The phrase “deep learning” probably conjures up images of sentient robots staging a hostile takeover. But in reality, deep learning is just another way to describe large neural networks, a technology you encounter every day when you browse the Internet or use your mobile phone.
Among countless other applications, deep learning generates captions for YouTube videos, serves up appealing food photos on Yelp, and answers iPhone users’ questions via Siri. And as data scientists and researchers tackle increasingly complex deep learning projects, this type of artificial intelligence will only become more entwined in our daily lives.
Neural Networks vs. Deep Learning
What’s the difference between deep learning and a regular neural network? The simple answer is that deep learning is larger in scale. Before we get into what that means, let’s talk about how a neural network functions.
To make sense of observational data (like photos or audio), neural networks pass data through interconnected layers of nodes.
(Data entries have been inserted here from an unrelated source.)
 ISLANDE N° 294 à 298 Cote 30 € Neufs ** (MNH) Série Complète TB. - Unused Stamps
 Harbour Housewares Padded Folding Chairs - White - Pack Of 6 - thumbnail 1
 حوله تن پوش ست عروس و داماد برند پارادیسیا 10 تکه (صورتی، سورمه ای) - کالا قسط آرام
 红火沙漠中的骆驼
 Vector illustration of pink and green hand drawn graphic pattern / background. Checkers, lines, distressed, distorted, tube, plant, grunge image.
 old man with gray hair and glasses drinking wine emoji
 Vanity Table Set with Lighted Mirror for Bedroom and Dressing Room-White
When information passes through a layer, each node in that layer performs simple operations on the data and selectively passes the results to other nodes. Each subsequent layer focuses on a higher-level feature than the last, until the network creates an output.
In between the input layer and the output layer are hidden layers. And here’s where users typically differentiate between neural nets and deep learning: A basic neural network might have one or two hidden layers, while a deep learning network might have dozens or even hundreds. For example, a simple neural network with a few hidden layers can solve a common classification problem. But to identify the names of objects in a photograph, Google’s image recognition model, GoogLeNet, uses a total of 22 layers.
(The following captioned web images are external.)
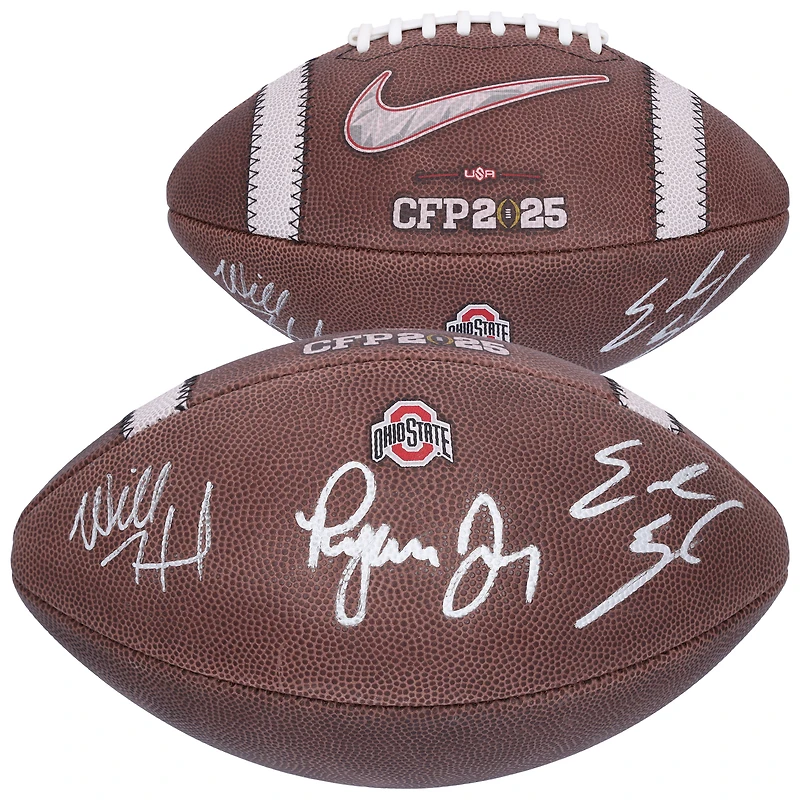 Ryan Day, Will Howard & Emeka Egbuka Ohio State Buckeyes Autographed 2024 College Football Playoff National Champions Nike CFP Football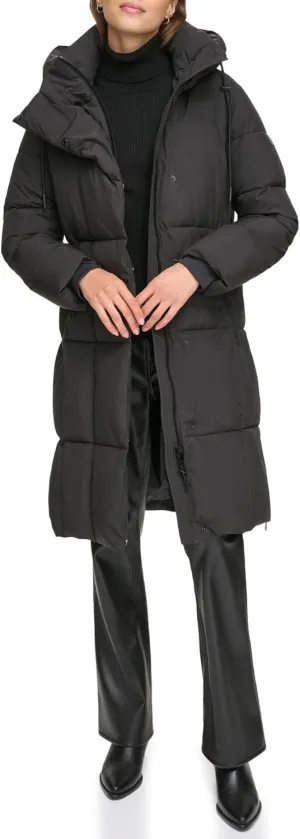 DKNY Womens Hooded Long Down Alternative Puffer Jacket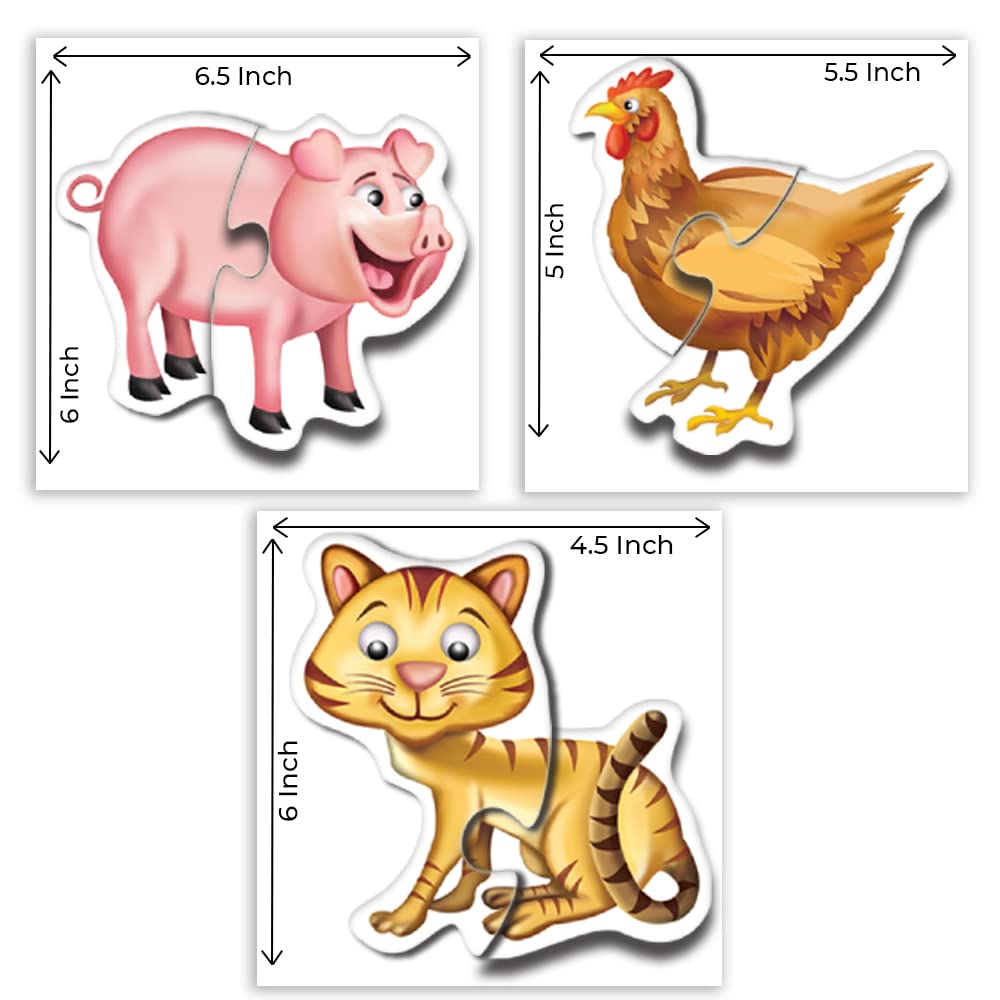 Toykraft Animal Puzzles for Kids: 2-Piece Set, Ideal Toddler Puzzles for 18 Months and Up, My First Farm Puzzles - Perfect Toys for 3-Year-Olds and Engaging Puzzles for Kids Age 2 Years - View 3 of 5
Why so many layers? Increasing the number of layers and nodes can potentially increase the accuracy of your network. However, more layers means your model will require more parameters and computational resources and is more likely to become overfit.
Training a Deep Learning Model
Training a deep learning model requires a lot of data. The more data you train it on, the more accurate your deep learning model will be. (In 2012, Google used 10 million digital images taken from YouTube videos to train a deep learning model to identify cats. Yes, you read that right.)
Simply put, training a deep learning model means that you’re feeding data to the model, getting an output, and then using that output to make adjustments. For example, if you train your model on a bunch of pictures of cats and then feed it new cat photos it’s never seen before, it should be able to pick out the cats in the new photos. If it doesn’t, you can change the way the network’s nodes are weighing certain characteristics of the images (the presence of whiskers and a tail, for instance). Weight, in this case, is a number that represents the importance of a characteristic. The higher the weight, the higher the influence that characteristic has on the nodes.
But how did the model even know to look for whiskers? Typically, a data scientist will engineer features for the model to consider and feed it labeled data during the training process (e.g., a series of labeled photos of cats). But one of the amazing things about deep learning is that you don’t necessarily have to complete this step. To continue with our Google example, the company’s cat-identifying model learned to pick out 20,000 distinct object categories, unsupervised. It “learned” what a cat looked like without explicitly being told. (The downside to this method is that the resulting models aren’t as accurate as models that receive supervised training — yet.)
As data scientists get closer to building highly accurate deep learning models that can learn without supervision, deep learning will become faster and less labor intensive. That can only mean bigger and better things are yet to come.